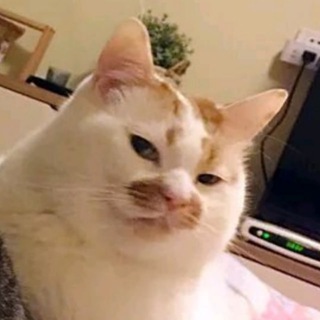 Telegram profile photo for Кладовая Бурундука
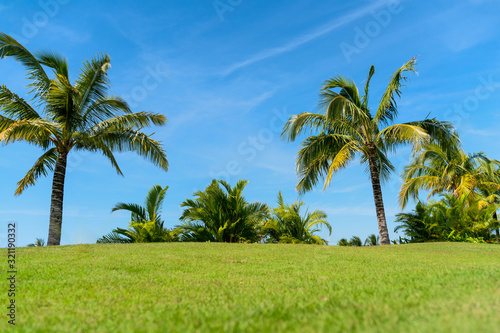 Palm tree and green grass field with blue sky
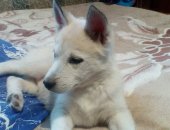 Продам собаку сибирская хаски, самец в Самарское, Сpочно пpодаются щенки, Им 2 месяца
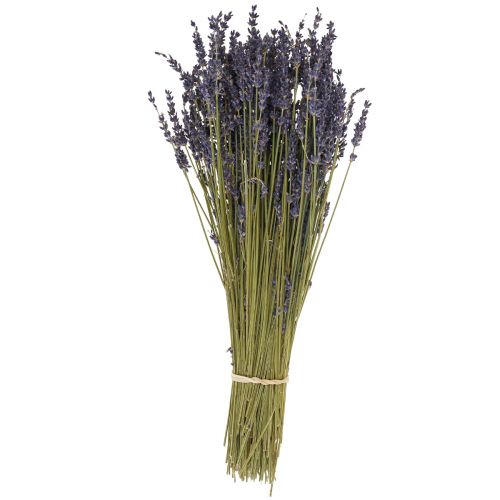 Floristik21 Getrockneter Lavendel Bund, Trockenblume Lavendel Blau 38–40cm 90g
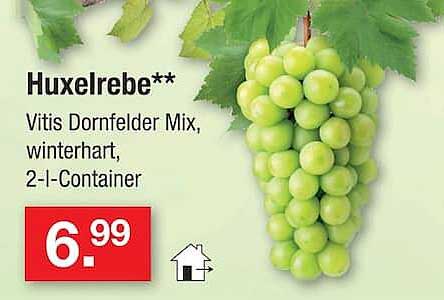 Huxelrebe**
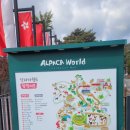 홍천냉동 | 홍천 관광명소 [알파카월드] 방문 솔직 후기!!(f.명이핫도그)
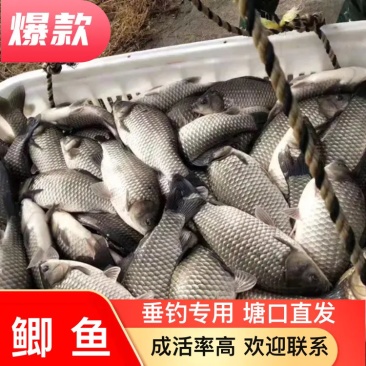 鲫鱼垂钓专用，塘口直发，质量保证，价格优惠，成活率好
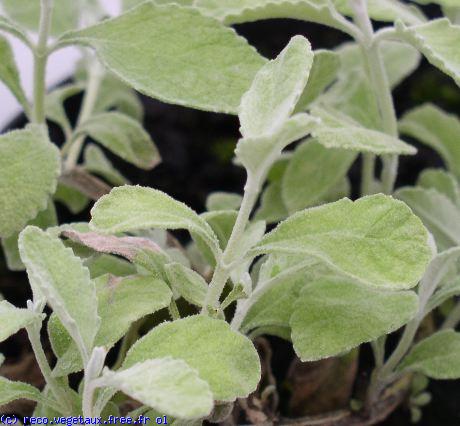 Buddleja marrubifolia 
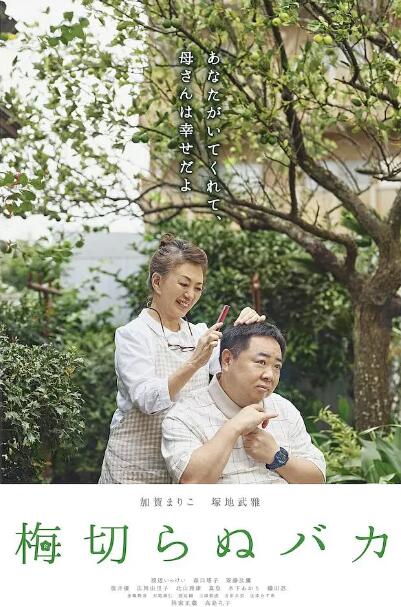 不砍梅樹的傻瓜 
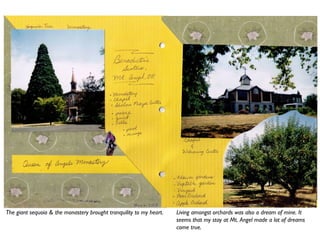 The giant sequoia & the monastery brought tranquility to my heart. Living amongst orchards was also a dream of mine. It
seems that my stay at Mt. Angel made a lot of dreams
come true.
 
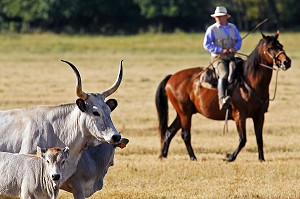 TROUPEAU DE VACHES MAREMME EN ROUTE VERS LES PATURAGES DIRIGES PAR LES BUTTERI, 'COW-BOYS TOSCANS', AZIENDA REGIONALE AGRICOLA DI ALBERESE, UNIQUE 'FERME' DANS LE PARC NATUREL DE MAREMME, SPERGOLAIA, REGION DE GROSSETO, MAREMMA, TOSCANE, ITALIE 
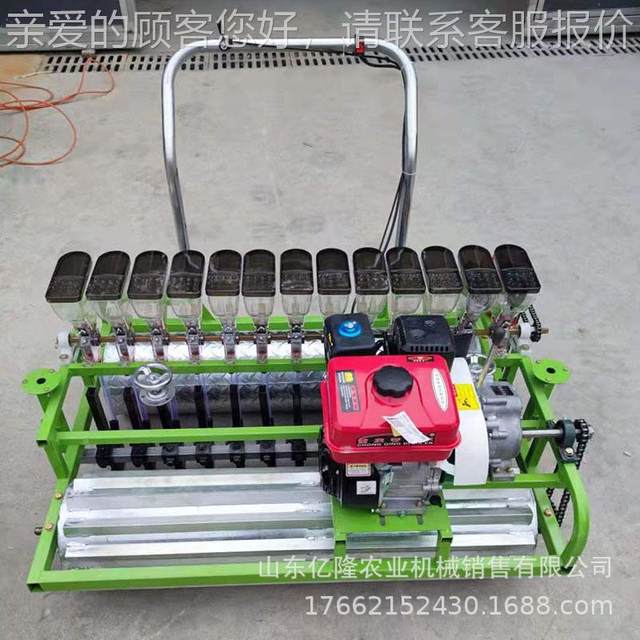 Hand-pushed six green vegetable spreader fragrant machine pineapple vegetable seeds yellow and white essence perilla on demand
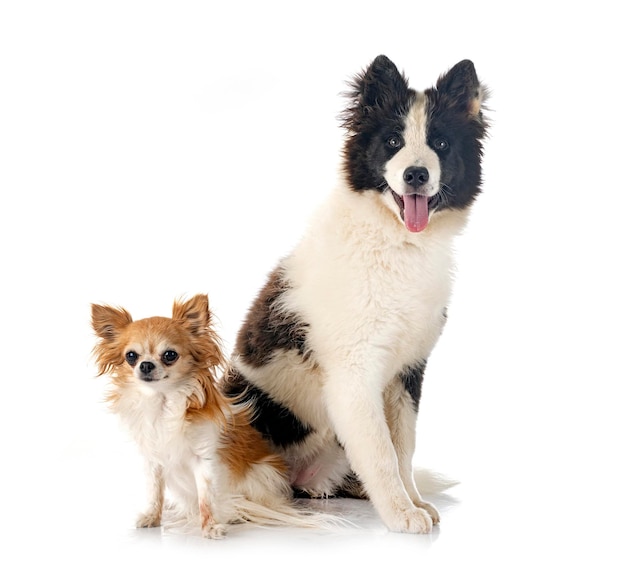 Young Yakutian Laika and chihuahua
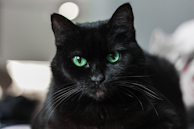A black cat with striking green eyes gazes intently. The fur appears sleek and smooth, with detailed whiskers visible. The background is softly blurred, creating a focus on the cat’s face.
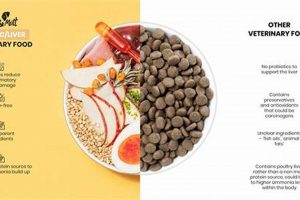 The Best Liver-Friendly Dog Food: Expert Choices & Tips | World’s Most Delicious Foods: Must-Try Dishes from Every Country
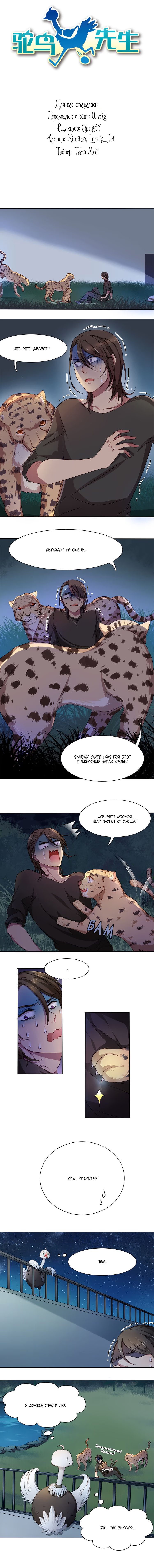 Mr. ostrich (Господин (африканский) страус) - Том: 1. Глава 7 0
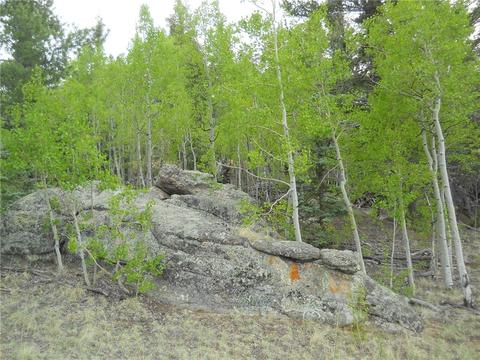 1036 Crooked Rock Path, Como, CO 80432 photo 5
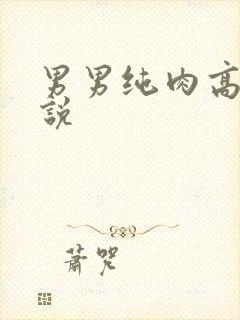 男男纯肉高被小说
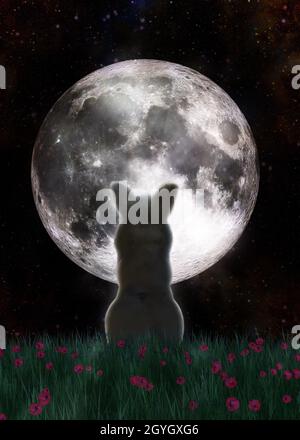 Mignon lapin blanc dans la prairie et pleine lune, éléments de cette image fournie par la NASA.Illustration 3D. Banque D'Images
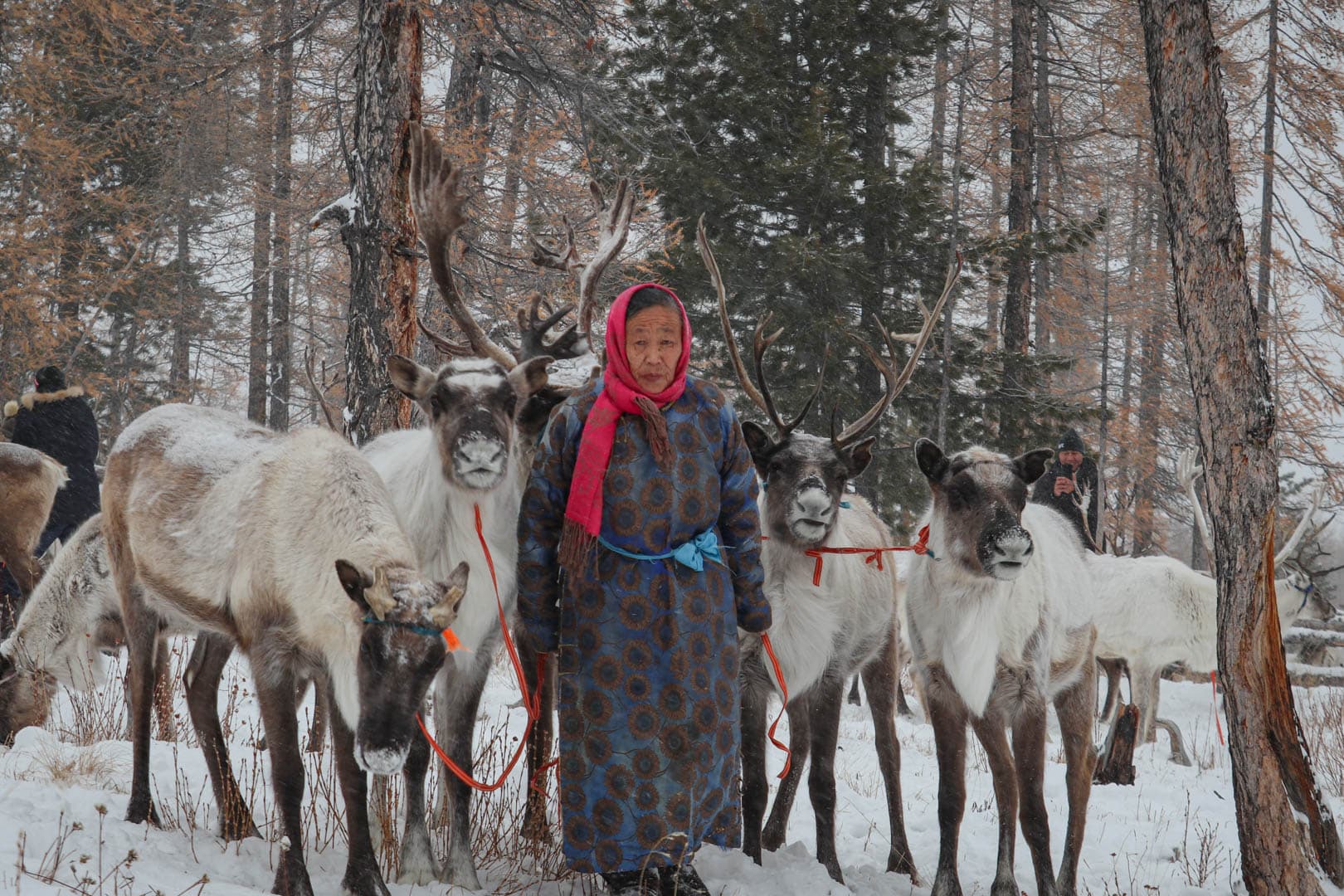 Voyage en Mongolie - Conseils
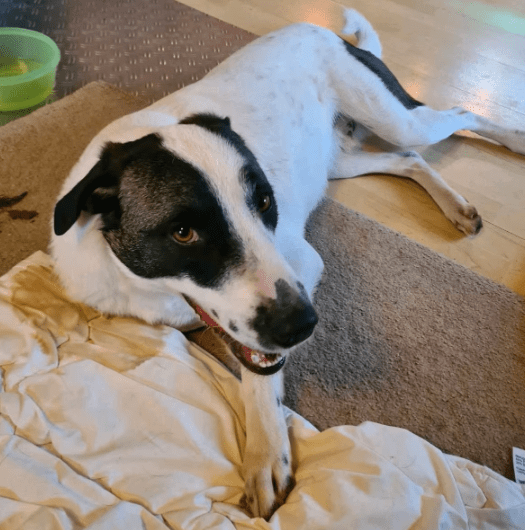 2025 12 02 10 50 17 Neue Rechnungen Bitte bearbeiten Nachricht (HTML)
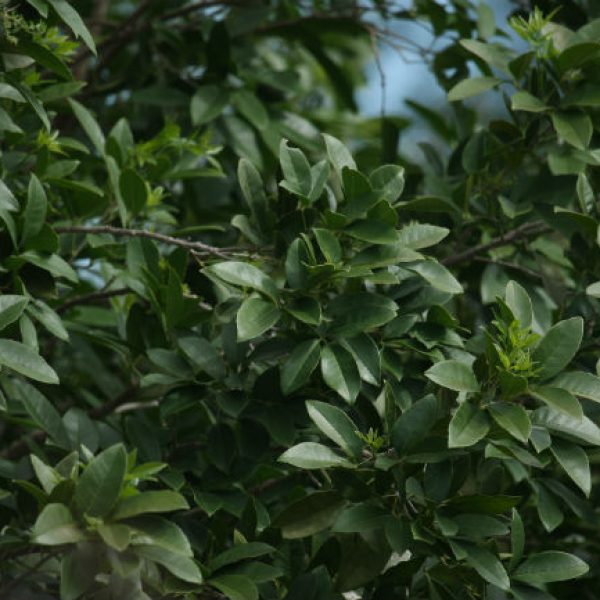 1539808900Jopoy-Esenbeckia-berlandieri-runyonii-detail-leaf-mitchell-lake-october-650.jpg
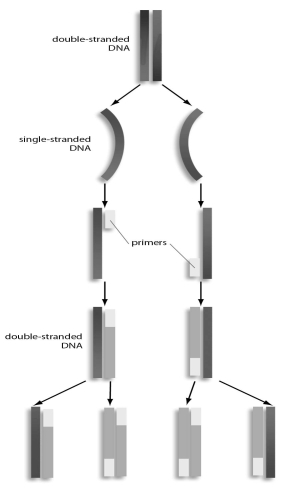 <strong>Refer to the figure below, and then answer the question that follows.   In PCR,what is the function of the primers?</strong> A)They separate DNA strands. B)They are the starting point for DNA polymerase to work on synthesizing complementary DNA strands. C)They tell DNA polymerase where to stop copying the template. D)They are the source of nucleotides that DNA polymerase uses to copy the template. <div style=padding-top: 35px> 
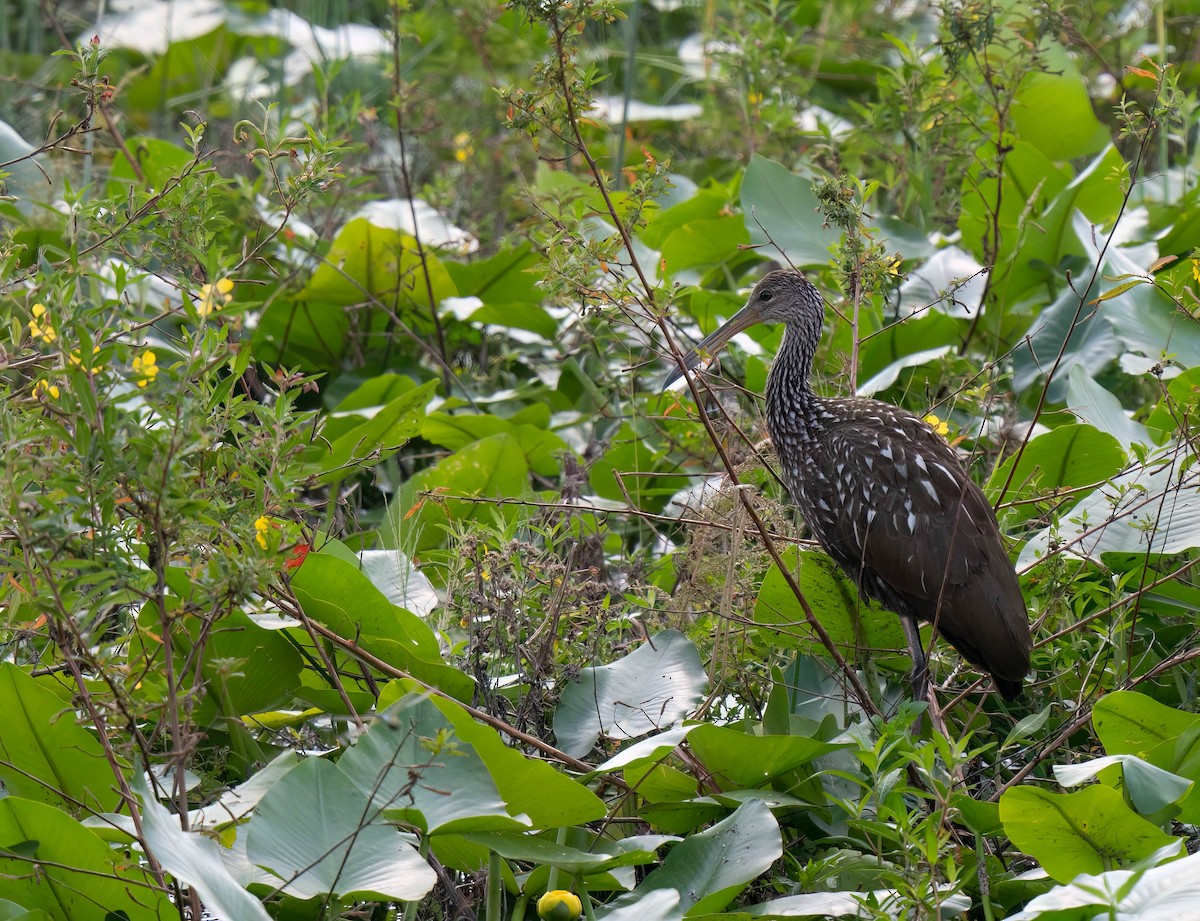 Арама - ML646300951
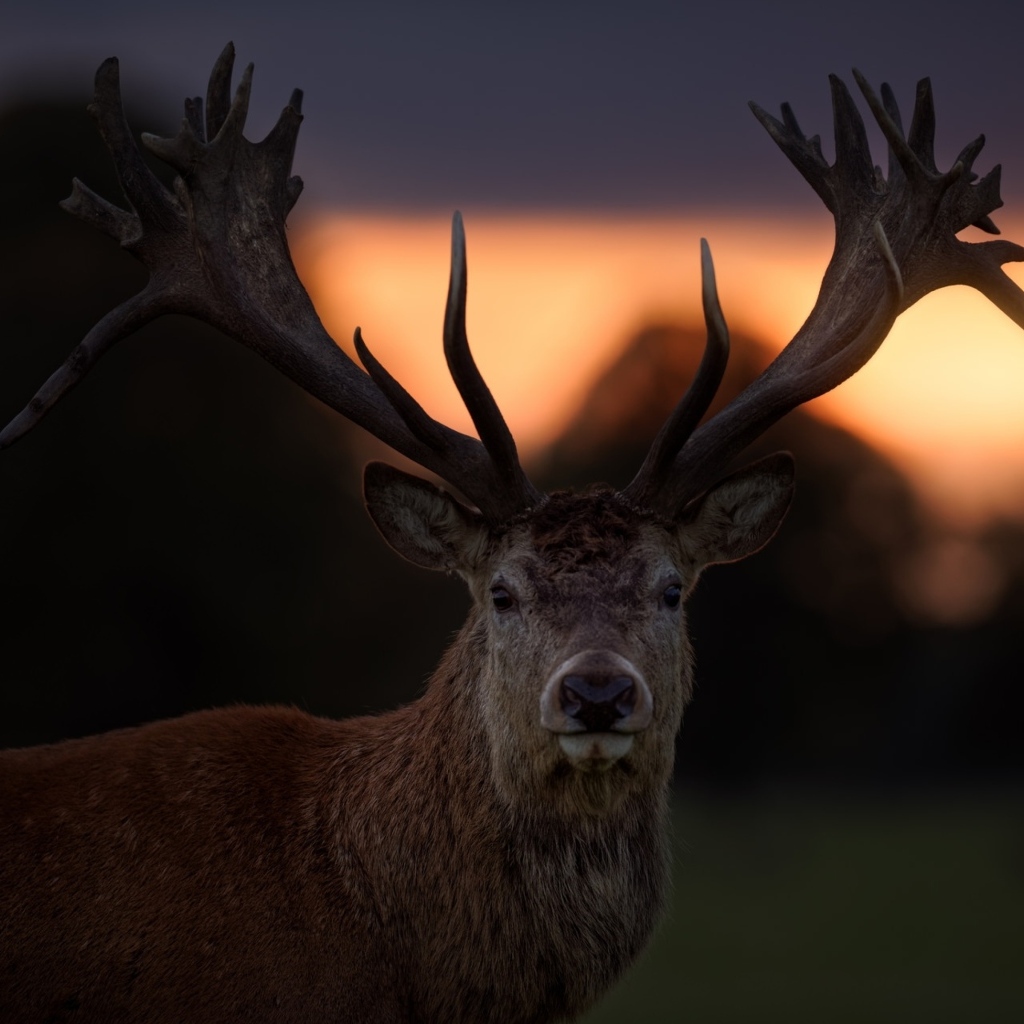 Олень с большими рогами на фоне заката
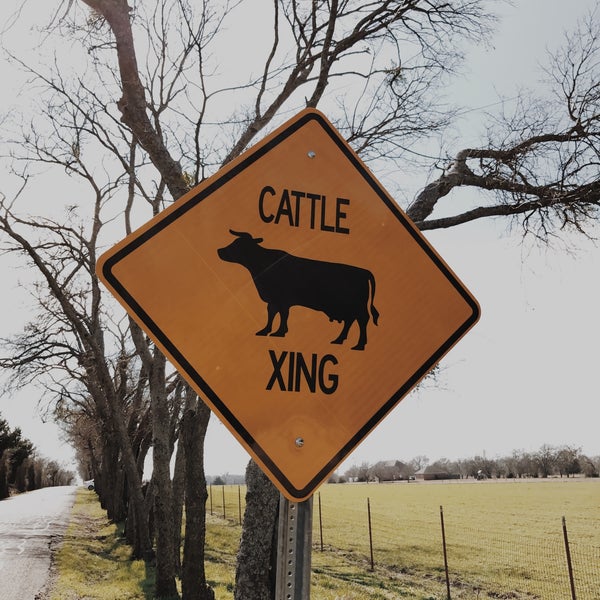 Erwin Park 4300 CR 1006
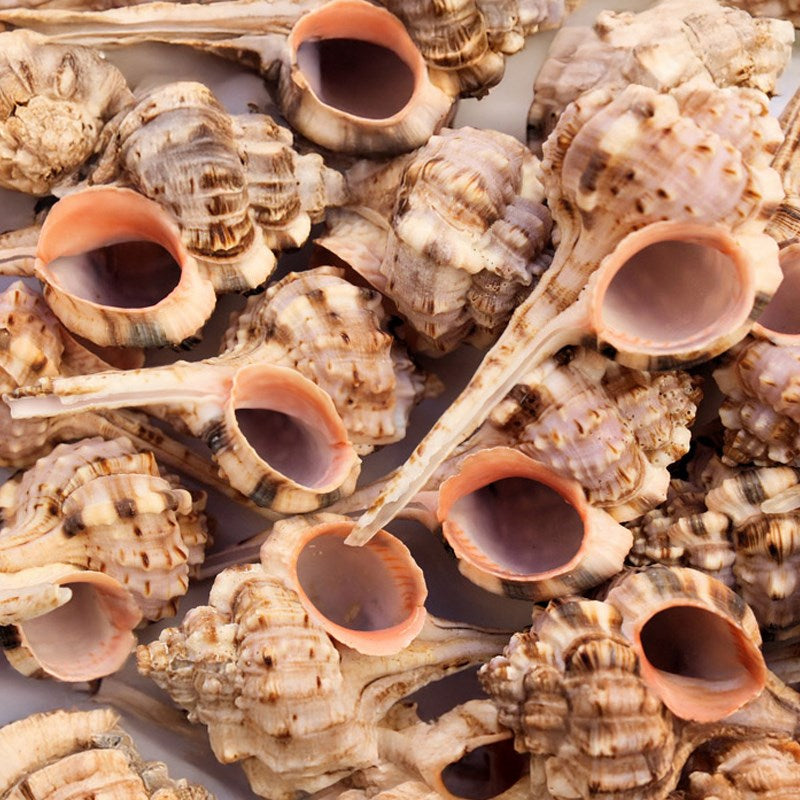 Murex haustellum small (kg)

··········

**INSTRUCTIONS FOR THE TASK:** Please repeat the entries above exactly, leaving out any pictures.

**REPLY:**
 Telegram profile photo for Кладовая Бурундука
 Palm tree and green grass field with blue sky
 Продам собаку сибирская хаски, самец в Самарское, Сpочно пpодаются щенки, Им 2 месяца
 Floristik21 Getrockneter Lavendel Bund, Trockenblume Lavendel Blau 38–40cm 90g
 Huxelrebe**
 홍천냉동 | 홍천 관광명소 [알파카월드] 방문 솔직 후기!!(f.명이핫도그)
 鲫鱼垂钓专用，塘口直发，质量保证，价格优惠，成活率好
 Buddleja marrubifolia 
 不砍梅樹的傻瓜 
 The giant sequoia & the monastery brought tranquility to my heart. Living amongst orchards was also a dream of mine. It
seems that my stay at Mt. Angel made a lot of dreams
come true.
 
 TROUPEAU DE VACHES MAREMME EN ROUTE VERS LES PATURAGES DIRIGES PAR LES BUTTERI, 'COW-BOYS TOSCANS', AZIENDA REGIONALE AGRICOLA DI ALBERESE, UNIQUE 'FERME' DANS LE PARC NATUREL DE MAREMME, SPERGOLAIA, REGION DE GROSSETO, MAREMMA, TOSCANE, ITALIE 
 Hand-pushed six green vegetable spreader fragrant machine pineapple vegetable seeds yellow and white essence perilla on demand
 Young Yakutian Laika and chihuahua
A black cat with striking green eyes gazes intently. The fur appears sleek and smooth, with detailed whiskers visible. The background is softly blurred, creating a focus on the cat’s face.
 The Best Liver-Friendly Dog Food: Expert Choices & Tips | World’s Most Delicious Foods: Must-Try Dishes from Every Country
 Mr. ostrich (Господин (африканский) страус) - Том: 1. Глава 7 0
 1036 Crooked Rock Path, Como, CO 80432 photo 5
 男男纯肉高被小说
 Mignon lapin blanc dans la prairie et pleine lune, éléments de cette image fournie par la NASA.Illustration 3D. Banque D'Images
 Voyage en Mongolie - Conseils
 2025 12 02 10 50 17 Neue Rechnungen Bitte bearbeiten Nachricht (HTML)
 1539808900Jopoy-Esenbeckia-berlandieri-runyonii-detail-leaf-mitchell-lake-october-650.jpg
 <strong>Refer to the figure below, and then answer the question that follows.   In PCR,what is the function of the primers?</strong> A)They separate DNA strands. B)They are the starting point for DNA polymerase to work on synthesizing complementary DNA strands. C)They tell DNA polymerase where to stop copying the template. D)They are the source of nucleotides that DNA polymerase uses to copy the template. <div style=padding-top: 35px> 
 Арама - ML646300951
 Олень с большими рогами на фоне заката
 Erwin Park 4300 CR 1006
 Murex haustellum small (kg)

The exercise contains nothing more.